To be honest, I would have nixed the Lumbini part of the trip. We are facing down our last year in Nepal, and finally willing to overcome our “but Safaris in Africa are so much better” snobbery to go down to the big national park here and attempt to see some animals.And of course, we can’t just hop on the 15 minute plane ride, see the park, and come home. We have to drive the 6-hour road, because the Subaru would have been sad if it didn't get to go. Despite the fact that the road was so bumpy it actually unscrewed the bolts in the rooftop rack.
Chitwan National Park was great. We stayed at Sapana Village Lodge and really enjoyed it. We have been told by other USAID-ers that they treat their elephants well. After being there, I am not sure this is true. However, we were already there and went on elephant-back safari. The only choice, actually, as the roads such as they are were far too muddy for vehicular transport.
Aside from the sore muscles obtained from making sure hot and wiggly toddler daughter didn’t wiggle right off my lap and fall to her death in a river or mud swamp, we had a nice time. And we didn’t see any of the big stuff (tigers or rhino), but we saw little stuff (monkeys, deer, wild chickens, peacocks), and it was fun.
Then we drove to Lumbini, the famed birthplace of Buddha (haven’t you heard of it?). One of Nepal’s treasures. However, our GPS map isn’t actually that great and didn’t actually have the spot searchable on the map. Sooo, we just kind of went and hoped for the best. Despite being worried (more than once) that we had crossed into India, we did make it, due to my spouse’s uncanny processing and memory of maps.
|Toddlers in stupas|
We arrived, paid our tickets, got a map, and starting planning our visit. Shall we start at the visitor's center? Oh, that's the shell of a building out yonder still going up. How about that museum? Another pile of bricks beckons! So forget the informational stuff, let's just go see the global array of peace pagodas.
So we pile onto 2 bicycle rickshaws, because these lovely buildings are really quite spread out, and it's hot, and neither the 1-yr-old nor the 9-yr-old are acting too excited about this. We hop over to the international temples (and by "hop," I mean the two older men commanding our rickshaws tug and pull us over bumps and walkways for about 5 minutes). The setting was really quite nice, the temples surrounding a man-made lake or canal. We stopped at the Tibetan temple first. The thing about temples and monasteries is, you can't wear shoes.
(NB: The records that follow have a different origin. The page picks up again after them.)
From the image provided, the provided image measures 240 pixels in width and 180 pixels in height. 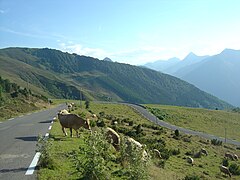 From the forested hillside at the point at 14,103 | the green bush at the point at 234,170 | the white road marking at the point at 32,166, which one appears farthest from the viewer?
the forested hillside at the point at 14,103

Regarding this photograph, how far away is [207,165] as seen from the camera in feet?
105

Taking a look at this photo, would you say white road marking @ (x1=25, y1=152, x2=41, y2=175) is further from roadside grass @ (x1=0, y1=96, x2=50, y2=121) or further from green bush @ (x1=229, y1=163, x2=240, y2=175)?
roadside grass @ (x1=0, y1=96, x2=50, y2=121)

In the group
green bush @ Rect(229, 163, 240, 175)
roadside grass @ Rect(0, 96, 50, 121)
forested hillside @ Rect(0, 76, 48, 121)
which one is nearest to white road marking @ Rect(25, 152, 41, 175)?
green bush @ Rect(229, 163, 240, 175)

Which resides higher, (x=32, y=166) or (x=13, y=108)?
(x=32, y=166)

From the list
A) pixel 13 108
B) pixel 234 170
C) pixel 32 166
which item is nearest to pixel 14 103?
pixel 13 108

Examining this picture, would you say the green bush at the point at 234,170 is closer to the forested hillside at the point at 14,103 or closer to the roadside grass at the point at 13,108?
the roadside grass at the point at 13,108

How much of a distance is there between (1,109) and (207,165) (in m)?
33.3

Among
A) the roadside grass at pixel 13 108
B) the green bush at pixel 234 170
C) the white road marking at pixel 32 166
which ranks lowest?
the green bush at pixel 234 170

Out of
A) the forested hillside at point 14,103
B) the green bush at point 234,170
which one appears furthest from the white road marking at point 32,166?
the forested hillside at point 14,103

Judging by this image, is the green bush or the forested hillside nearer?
the green bush

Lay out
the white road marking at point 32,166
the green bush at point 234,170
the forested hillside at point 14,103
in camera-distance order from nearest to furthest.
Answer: the white road marking at point 32,166 < the green bush at point 234,170 < the forested hillside at point 14,103

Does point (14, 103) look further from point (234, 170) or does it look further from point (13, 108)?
point (234, 170)

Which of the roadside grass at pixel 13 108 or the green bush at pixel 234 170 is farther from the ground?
the roadside grass at pixel 13 108

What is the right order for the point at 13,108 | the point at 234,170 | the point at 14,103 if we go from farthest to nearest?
the point at 14,103, the point at 13,108, the point at 234,170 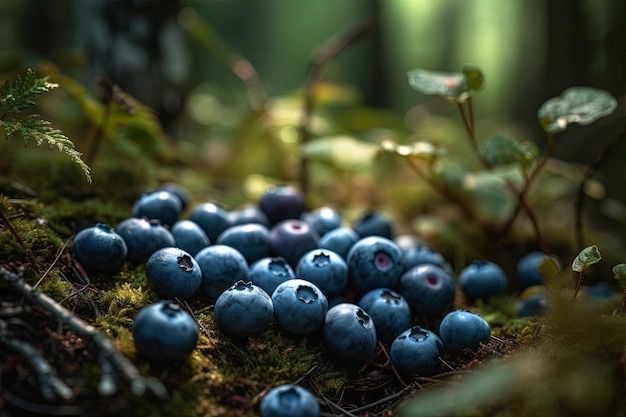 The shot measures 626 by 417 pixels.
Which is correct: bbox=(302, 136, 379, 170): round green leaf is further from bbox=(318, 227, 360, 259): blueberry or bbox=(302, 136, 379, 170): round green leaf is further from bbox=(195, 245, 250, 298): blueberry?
bbox=(195, 245, 250, 298): blueberry

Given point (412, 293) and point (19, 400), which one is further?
point (412, 293)

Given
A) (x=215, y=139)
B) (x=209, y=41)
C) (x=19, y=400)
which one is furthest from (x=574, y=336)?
(x=215, y=139)

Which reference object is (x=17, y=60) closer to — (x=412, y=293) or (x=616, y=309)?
(x=412, y=293)

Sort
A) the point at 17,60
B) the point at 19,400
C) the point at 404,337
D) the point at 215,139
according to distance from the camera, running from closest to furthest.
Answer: the point at 19,400, the point at 404,337, the point at 17,60, the point at 215,139

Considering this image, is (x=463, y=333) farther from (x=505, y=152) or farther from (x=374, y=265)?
(x=505, y=152)

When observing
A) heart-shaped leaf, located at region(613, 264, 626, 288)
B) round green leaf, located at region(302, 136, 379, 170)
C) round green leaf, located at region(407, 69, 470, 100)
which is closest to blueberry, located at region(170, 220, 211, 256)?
round green leaf, located at region(302, 136, 379, 170)

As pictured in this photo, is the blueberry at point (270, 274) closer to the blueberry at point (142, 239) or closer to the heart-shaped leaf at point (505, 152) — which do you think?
the blueberry at point (142, 239)

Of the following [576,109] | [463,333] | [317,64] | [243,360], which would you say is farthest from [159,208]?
[576,109]

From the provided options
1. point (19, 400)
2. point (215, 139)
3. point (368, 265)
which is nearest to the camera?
point (19, 400) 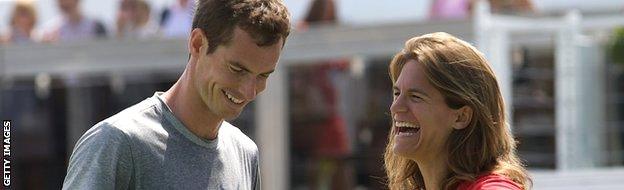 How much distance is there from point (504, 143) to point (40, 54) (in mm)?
5806

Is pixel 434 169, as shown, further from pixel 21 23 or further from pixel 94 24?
pixel 21 23

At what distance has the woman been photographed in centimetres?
293

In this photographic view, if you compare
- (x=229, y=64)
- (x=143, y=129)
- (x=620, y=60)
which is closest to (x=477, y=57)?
(x=229, y=64)

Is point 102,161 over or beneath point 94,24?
over

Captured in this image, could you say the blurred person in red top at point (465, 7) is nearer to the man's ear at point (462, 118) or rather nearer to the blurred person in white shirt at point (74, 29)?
the blurred person in white shirt at point (74, 29)

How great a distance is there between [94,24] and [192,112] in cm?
542

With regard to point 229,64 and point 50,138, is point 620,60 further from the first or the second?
point 229,64

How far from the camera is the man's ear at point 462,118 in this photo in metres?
2.96

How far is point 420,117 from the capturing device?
2.95 metres

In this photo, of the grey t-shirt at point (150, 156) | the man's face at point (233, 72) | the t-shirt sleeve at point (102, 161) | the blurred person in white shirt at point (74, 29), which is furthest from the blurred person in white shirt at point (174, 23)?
the t-shirt sleeve at point (102, 161)

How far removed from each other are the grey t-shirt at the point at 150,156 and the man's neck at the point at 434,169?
0.40 metres

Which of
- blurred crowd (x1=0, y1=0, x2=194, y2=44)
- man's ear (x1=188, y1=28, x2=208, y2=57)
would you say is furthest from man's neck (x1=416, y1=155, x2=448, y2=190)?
blurred crowd (x1=0, y1=0, x2=194, y2=44)

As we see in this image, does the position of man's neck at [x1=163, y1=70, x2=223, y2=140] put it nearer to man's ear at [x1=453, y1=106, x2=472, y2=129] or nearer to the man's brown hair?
the man's brown hair

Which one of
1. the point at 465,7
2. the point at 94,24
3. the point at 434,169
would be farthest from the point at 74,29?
the point at 434,169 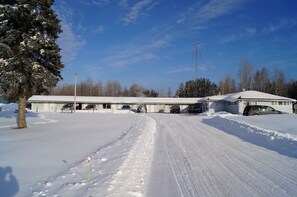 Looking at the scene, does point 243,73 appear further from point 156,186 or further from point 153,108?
point 156,186

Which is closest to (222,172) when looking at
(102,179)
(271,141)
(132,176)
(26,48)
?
(132,176)

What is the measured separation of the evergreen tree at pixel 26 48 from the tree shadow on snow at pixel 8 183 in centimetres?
1261

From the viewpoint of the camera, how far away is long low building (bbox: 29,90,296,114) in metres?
44.9

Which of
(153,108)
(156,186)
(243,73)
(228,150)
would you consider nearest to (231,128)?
(228,150)

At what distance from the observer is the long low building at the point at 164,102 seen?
44.9 m

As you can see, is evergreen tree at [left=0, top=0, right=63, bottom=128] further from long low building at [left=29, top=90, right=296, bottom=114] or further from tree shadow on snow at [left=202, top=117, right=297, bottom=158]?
long low building at [left=29, top=90, right=296, bottom=114]

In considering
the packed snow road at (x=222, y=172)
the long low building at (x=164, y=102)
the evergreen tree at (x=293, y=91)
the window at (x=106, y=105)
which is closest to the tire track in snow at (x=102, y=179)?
the packed snow road at (x=222, y=172)

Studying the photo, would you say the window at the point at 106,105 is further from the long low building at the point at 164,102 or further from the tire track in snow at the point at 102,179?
the tire track in snow at the point at 102,179

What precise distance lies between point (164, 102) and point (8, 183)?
2273 inches

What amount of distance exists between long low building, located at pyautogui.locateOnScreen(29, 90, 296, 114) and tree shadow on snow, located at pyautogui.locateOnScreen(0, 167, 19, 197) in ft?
136

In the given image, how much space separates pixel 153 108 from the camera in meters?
63.7

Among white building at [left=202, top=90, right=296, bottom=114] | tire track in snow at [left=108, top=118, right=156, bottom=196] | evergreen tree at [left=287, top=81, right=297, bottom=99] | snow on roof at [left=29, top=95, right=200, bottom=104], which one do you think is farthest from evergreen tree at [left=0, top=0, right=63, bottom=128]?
evergreen tree at [left=287, top=81, right=297, bottom=99]

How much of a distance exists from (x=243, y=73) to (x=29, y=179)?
7040 cm

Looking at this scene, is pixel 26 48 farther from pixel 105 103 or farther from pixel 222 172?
pixel 105 103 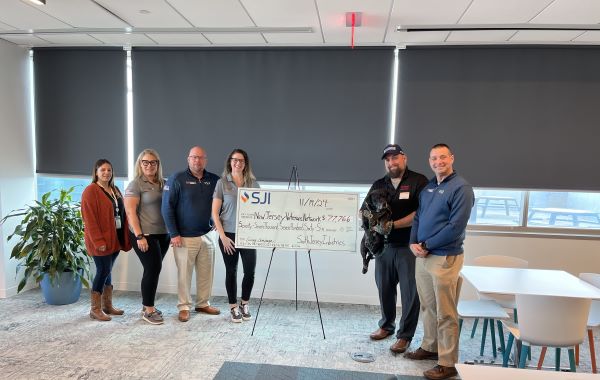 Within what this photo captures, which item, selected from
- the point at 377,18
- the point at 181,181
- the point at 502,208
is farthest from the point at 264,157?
the point at 502,208

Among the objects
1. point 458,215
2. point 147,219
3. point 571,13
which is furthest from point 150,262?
point 571,13

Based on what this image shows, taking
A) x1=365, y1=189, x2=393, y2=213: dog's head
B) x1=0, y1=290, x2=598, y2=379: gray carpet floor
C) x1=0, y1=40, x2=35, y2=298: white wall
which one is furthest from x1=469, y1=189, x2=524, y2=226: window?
x1=0, y1=40, x2=35, y2=298: white wall

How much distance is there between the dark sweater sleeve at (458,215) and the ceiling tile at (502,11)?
133cm

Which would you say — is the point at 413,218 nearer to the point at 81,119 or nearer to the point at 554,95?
the point at 554,95

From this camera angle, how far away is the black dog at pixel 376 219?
312 cm

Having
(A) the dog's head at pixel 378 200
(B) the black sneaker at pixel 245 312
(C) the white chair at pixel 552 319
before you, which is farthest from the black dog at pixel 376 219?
(B) the black sneaker at pixel 245 312

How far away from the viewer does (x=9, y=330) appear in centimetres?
349

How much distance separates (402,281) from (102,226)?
8.66ft

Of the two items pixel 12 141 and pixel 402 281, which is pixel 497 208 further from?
pixel 12 141

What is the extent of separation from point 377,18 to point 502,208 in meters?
2.33

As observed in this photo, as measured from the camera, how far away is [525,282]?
8.91 ft

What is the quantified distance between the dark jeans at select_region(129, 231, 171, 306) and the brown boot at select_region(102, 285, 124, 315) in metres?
0.37

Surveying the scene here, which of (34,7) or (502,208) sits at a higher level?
(34,7)

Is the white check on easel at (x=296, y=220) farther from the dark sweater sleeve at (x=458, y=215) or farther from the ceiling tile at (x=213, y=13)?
the ceiling tile at (x=213, y=13) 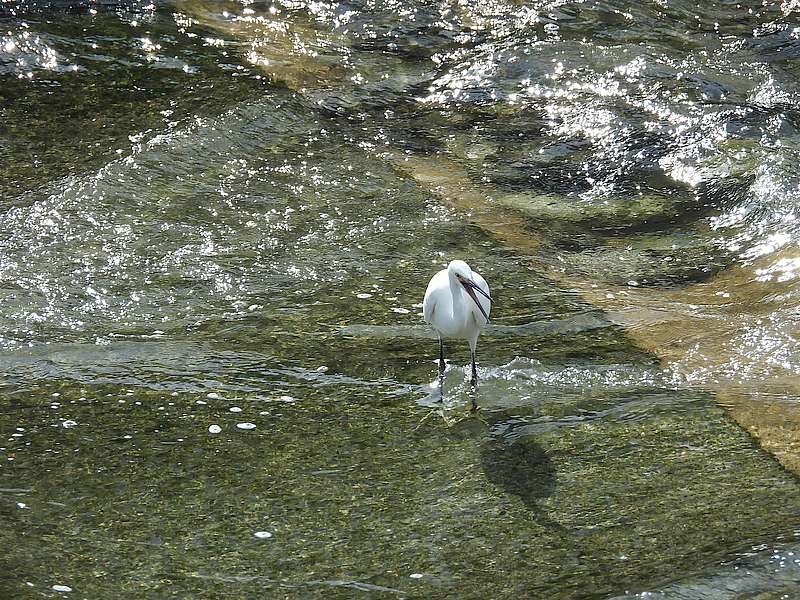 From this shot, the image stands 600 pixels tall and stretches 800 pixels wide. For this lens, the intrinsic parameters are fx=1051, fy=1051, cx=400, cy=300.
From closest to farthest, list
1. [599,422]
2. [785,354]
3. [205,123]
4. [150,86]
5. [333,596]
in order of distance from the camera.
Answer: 1. [333,596]
2. [599,422]
3. [785,354]
4. [205,123]
5. [150,86]

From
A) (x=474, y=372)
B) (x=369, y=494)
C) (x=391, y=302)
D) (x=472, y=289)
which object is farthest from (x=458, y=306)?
(x=369, y=494)

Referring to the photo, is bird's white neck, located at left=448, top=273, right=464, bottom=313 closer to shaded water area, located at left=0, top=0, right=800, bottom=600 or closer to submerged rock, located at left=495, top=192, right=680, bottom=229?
shaded water area, located at left=0, top=0, right=800, bottom=600

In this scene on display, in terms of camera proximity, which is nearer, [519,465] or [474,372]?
[519,465]

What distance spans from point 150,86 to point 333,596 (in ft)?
22.3

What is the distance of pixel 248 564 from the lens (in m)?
4.32

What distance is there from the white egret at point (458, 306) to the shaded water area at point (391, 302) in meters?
0.23

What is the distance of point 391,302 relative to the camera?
22.3 ft

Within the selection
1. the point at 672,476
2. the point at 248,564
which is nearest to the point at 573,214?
the point at 672,476

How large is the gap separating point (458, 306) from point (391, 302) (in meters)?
1.05

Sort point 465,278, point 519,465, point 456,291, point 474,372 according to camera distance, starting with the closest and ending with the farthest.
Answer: point 519,465, point 465,278, point 456,291, point 474,372

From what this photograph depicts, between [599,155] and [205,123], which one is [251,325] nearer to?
[205,123]

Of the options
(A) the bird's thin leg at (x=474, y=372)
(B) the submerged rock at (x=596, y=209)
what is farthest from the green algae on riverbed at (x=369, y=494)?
(B) the submerged rock at (x=596, y=209)

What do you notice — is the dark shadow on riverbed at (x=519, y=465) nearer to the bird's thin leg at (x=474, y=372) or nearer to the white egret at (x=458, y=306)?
the bird's thin leg at (x=474, y=372)

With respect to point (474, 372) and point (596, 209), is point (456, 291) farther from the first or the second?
point (596, 209) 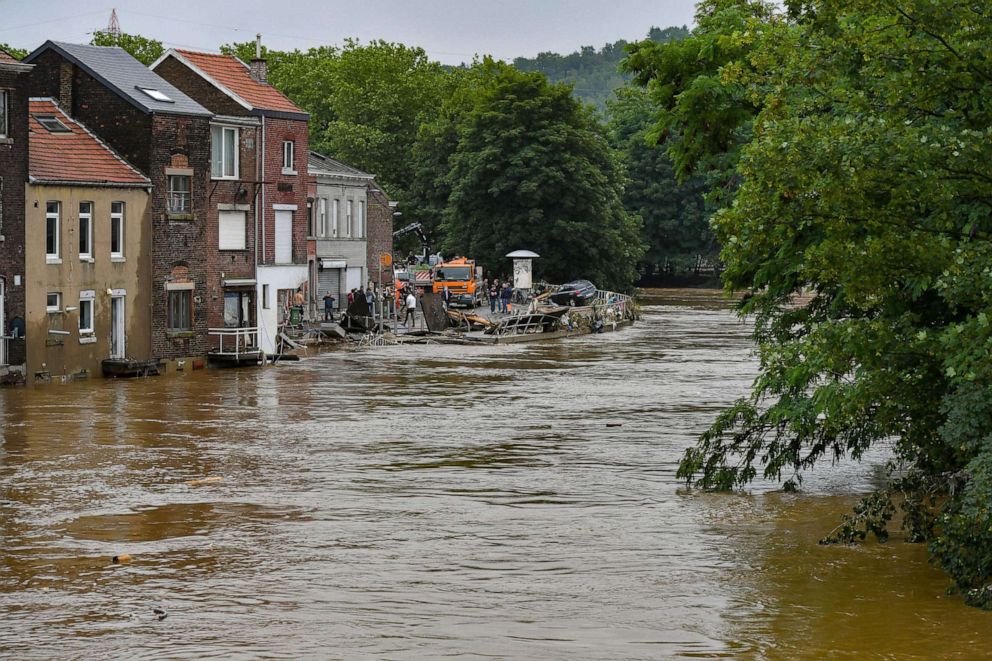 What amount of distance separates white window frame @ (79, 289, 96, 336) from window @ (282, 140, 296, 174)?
13.3 m

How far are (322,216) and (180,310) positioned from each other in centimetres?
2244

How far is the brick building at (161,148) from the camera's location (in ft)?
160

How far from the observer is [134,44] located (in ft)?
379

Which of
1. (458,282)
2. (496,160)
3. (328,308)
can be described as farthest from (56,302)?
(496,160)

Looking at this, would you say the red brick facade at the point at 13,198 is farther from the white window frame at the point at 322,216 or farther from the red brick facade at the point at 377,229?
the red brick facade at the point at 377,229

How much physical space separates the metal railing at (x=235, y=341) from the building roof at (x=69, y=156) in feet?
19.2

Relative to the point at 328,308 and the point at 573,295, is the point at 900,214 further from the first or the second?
the point at 573,295

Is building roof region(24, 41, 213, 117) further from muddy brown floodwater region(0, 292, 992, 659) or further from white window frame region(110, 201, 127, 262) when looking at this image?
muddy brown floodwater region(0, 292, 992, 659)

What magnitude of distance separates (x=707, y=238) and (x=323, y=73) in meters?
33.4

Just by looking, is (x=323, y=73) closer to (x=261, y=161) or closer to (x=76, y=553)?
(x=261, y=161)

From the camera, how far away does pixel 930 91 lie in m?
17.7

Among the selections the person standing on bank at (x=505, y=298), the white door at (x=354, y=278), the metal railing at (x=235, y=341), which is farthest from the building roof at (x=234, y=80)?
the person standing on bank at (x=505, y=298)

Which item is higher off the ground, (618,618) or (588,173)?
(588,173)

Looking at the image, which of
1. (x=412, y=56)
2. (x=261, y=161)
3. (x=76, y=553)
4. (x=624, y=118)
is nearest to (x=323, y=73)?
(x=412, y=56) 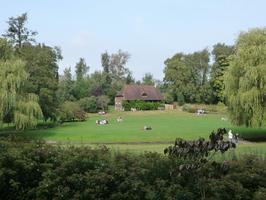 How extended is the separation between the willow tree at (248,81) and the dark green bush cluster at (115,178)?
1283 inches

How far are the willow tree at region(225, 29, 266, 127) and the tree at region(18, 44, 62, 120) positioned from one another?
959 inches

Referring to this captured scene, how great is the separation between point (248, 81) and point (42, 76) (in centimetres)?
2792

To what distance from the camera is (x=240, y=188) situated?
738cm

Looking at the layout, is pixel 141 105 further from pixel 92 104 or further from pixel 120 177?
pixel 120 177

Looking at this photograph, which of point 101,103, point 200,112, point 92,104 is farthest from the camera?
point 101,103

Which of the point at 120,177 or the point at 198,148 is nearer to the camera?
the point at 198,148

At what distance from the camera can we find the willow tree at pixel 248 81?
1569 inches

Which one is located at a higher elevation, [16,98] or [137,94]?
[137,94]

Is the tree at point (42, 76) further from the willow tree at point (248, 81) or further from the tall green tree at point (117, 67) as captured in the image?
the tall green tree at point (117, 67)

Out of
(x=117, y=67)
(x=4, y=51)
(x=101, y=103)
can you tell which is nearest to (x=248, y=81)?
(x=4, y=51)

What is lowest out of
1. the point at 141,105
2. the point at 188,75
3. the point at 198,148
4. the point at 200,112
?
the point at 198,148

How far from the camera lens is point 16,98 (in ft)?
142

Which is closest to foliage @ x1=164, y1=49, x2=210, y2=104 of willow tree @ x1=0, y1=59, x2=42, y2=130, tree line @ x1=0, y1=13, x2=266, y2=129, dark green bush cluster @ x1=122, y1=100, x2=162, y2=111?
tree line @ x1=0, y1=13, x2=266, y2=129

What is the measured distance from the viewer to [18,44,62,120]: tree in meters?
Result: 55.4
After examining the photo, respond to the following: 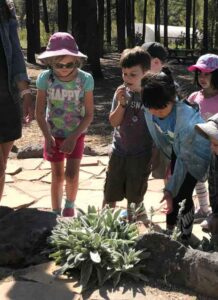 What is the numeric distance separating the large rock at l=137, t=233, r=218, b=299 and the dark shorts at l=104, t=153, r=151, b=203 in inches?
35.4

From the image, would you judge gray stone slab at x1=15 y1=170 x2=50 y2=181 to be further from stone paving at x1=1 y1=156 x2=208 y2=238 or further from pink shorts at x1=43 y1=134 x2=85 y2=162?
pink shorts at x1=43 y1=134 x2=85 y2=162

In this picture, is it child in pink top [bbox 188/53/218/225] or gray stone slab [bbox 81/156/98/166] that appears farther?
gray stone slab [bbox 81/156/98/166]

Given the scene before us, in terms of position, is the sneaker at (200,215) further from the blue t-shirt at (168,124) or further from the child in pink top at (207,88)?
the blue t-shirt at (168,124)

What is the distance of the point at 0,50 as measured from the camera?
3.29 metres

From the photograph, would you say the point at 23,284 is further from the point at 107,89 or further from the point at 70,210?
the point at 107,89

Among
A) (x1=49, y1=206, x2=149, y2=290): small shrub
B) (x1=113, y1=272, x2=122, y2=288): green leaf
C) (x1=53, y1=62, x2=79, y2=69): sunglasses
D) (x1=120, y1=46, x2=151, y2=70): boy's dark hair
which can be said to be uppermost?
(x1=120, y1=46, x2=151, y2=70): boy's dark hair

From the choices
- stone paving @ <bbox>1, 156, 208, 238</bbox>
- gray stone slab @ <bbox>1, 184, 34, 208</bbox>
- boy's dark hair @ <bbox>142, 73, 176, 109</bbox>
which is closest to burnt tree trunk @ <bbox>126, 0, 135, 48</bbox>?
stone paving @ <bbox>1, 156, 208, 238</bbox>

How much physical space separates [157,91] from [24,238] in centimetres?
115

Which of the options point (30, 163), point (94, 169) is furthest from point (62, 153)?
point (30, 163)

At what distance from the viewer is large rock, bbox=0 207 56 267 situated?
3107 millimetres

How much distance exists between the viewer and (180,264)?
275 centimetres

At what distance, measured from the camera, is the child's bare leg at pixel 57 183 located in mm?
3858

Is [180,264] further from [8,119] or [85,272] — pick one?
[8,119]

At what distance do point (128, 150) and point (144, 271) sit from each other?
3.55ft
And the thing about concrete is, it's super hot at 2PM on a 90+ degree summer day. Luckily, the Tibetans provided us with a water pump right inside the courtyard, where we and others cooled their toes, heads, etc. The other thing about temples and monasteries is, we've seen a bunch. Especially Tibetan ones. It was nice and cool inside, but we soon ran our way over the burning-coal pavement and made our way to the next one, which looked a lot like the first one. So we decided to rickshaw-it over to the next cluster of monasteries, where we'd find the Australian and Korean monasteries. Those might be different, eh? Yes! They weren't even complete! In fact more than half of the monasteries were under construction.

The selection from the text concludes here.